Auditor-general challenges waste-management probe

Odysseas Michaelides says the cabinet should never have set up the investigative committee as ministers should be part of the probe

 

The cabinet’s appointment of an investigative committee to probe the government’s waste-management strategy that may lead to EU fines and lost co-funding for infrastructure goes against the principles of impartiality, Auditor-General Odysseas Mihcaelides has told Attorney General Costas Clerides in a letter.

He said this was because some cabinet members should be a target of the investigation

The three-man committee, headed by Cyprus bar association chief Doros Ioannides and featuring two experts as members, was appointed by the cabinet last week, after it emerged that €40 million in European Union co-funding for the construction of the Pentakomo waste-management plant is at risk of being lost because there is no market for the processing of the fuel by-product of the process – solid recovered fuel (SRF). Finding a market is one of the conditions set by the EU in return for agreeing to co-finance the project.
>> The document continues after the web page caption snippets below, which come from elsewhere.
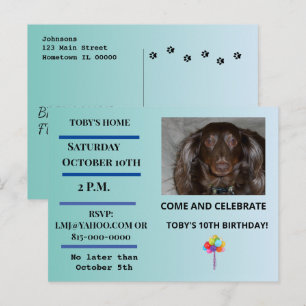 Pet Birthday Blue Line Pawprint Photo Invitation Postcard
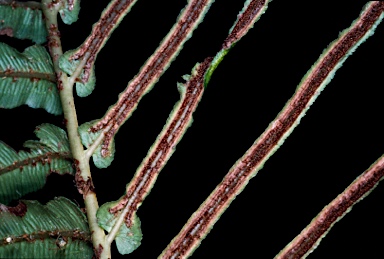 APII jpeg image of Blechnum wattsii  © contact APII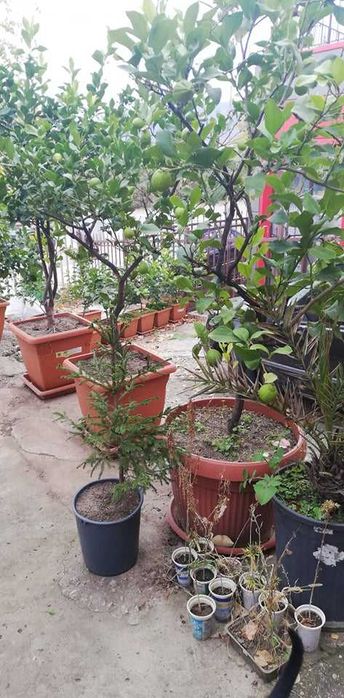 Лимони. Лимонови дръвчета - собствено производство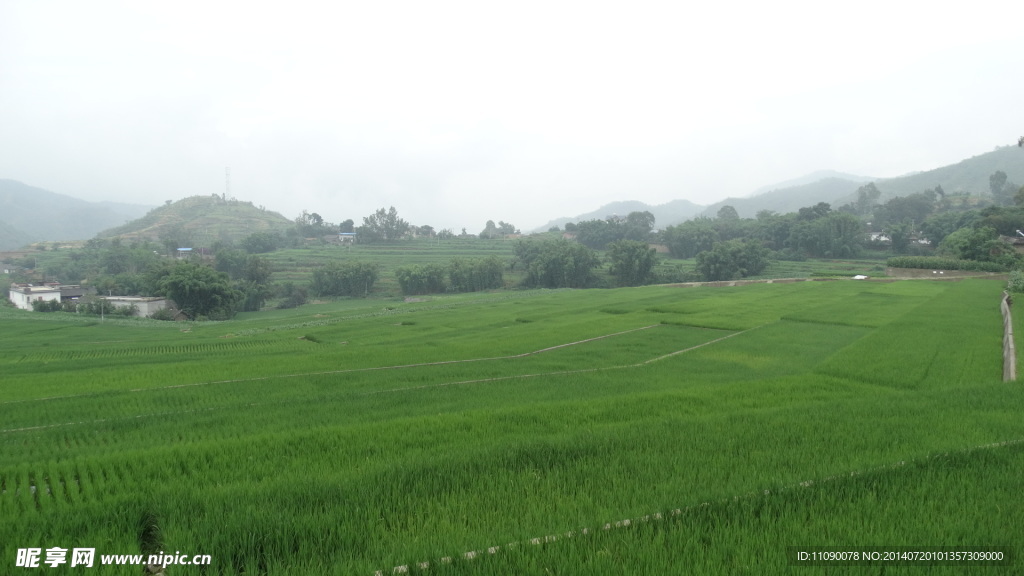 田野风景
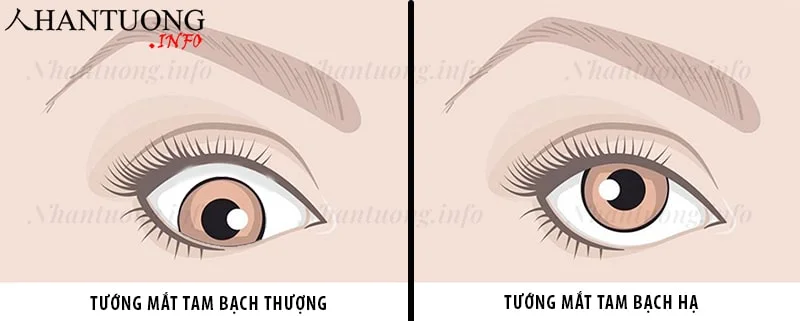 Cách nhận diện tướng mắt tam bạch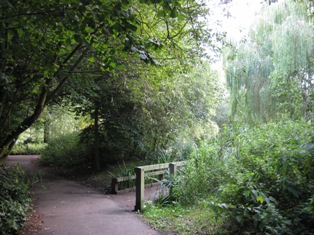 e0018350_6174536.jpg
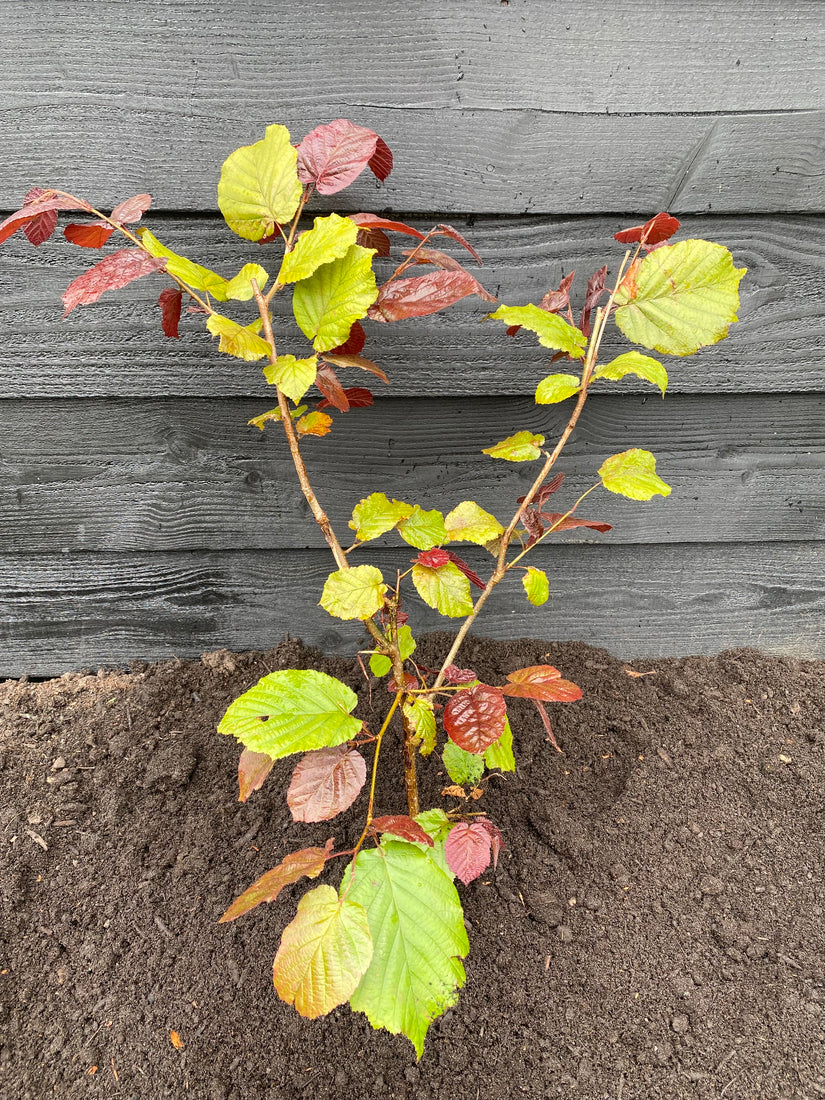 Bio-Haselnuss - Corylus 'Red Zellernut'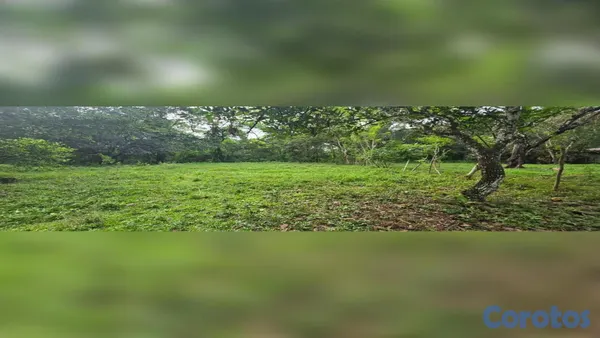 solares y terrenos - 🌿 ¡OPORTUNIDAD DE TERRENO EN BONAO, PRÓXIMO AL RÍO MASIPEDRO! 3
In addition, the auditor-general charged, an investigation must look at the government’s decision to scrap a decision by previous governments to set up a similar plant in Nicosia, thus making the closure of the Kotsiatis landfill impossible. This may lead to a fine from the EU to the tune of €30,000 per day since 2013.

Michaelides suggested that the investigative committee be appointed by the AG’s office, instead, because the agriculture and interior ministers Nicos Kouyialis and Constantinos Petrides, as well as his predecessor Socratis Hasikos, should be a target of the probe.

Speaking to state radio on Wednesday morning, Clerides acknowledged receipt of the letter, adding he will make decisions after studying it.

“The issue is not whether the cabinet is generally allowed to appoint investigative committees, but rather whether the cabinet or the attorney-general should have appointed this committee in this instance, given its mandate and the issues it will be examining,” Clerides said.

Responding to the issues raised in the letter, Kouyialis and Petrides argued that the decision to scrap the Nicosia plant was actually a money-saver because the problems arising from the Pentakomo facility – no domestic demand for SRF – would simply have doubled.

“In 2013, the cabinet overturned an ill-conceived and costly plan, which currently burdens thousands of homes and would have burdened even more, had it been seen through to completion,” Petrides said.

“If more such plants were constructed, the problem would have multiplied. This vindicates the cabinet’s 2013 decision.”

With regard to the appointment of the investigative committee by the cabinet, Petrides said the AG was made fully aware of its mandate.

Kouyialis explained that an added reason for the scrapping of the Nicosia plant was that the Koshi, Larnaca, plant is under-utilised.

“I have said many times that shutting down the Kotsiatis landfill is directly linked to the operation of the Koshi plant,” he said.

“There is a waste-management plant in Koshi that can take over 200,000 tonnes per year, when the needs of the Larnaca and Famagusta districts combined do not exceed 100,000. This is why we had said that Nicosia’s waste should be processed in Koshi.”

This, he added, is the reason the Nicosia plant was scrapped.

“I hope that we can reach a deal with the operator of the Koshi plant and we can start gradually close down Kotsiatis,” he said.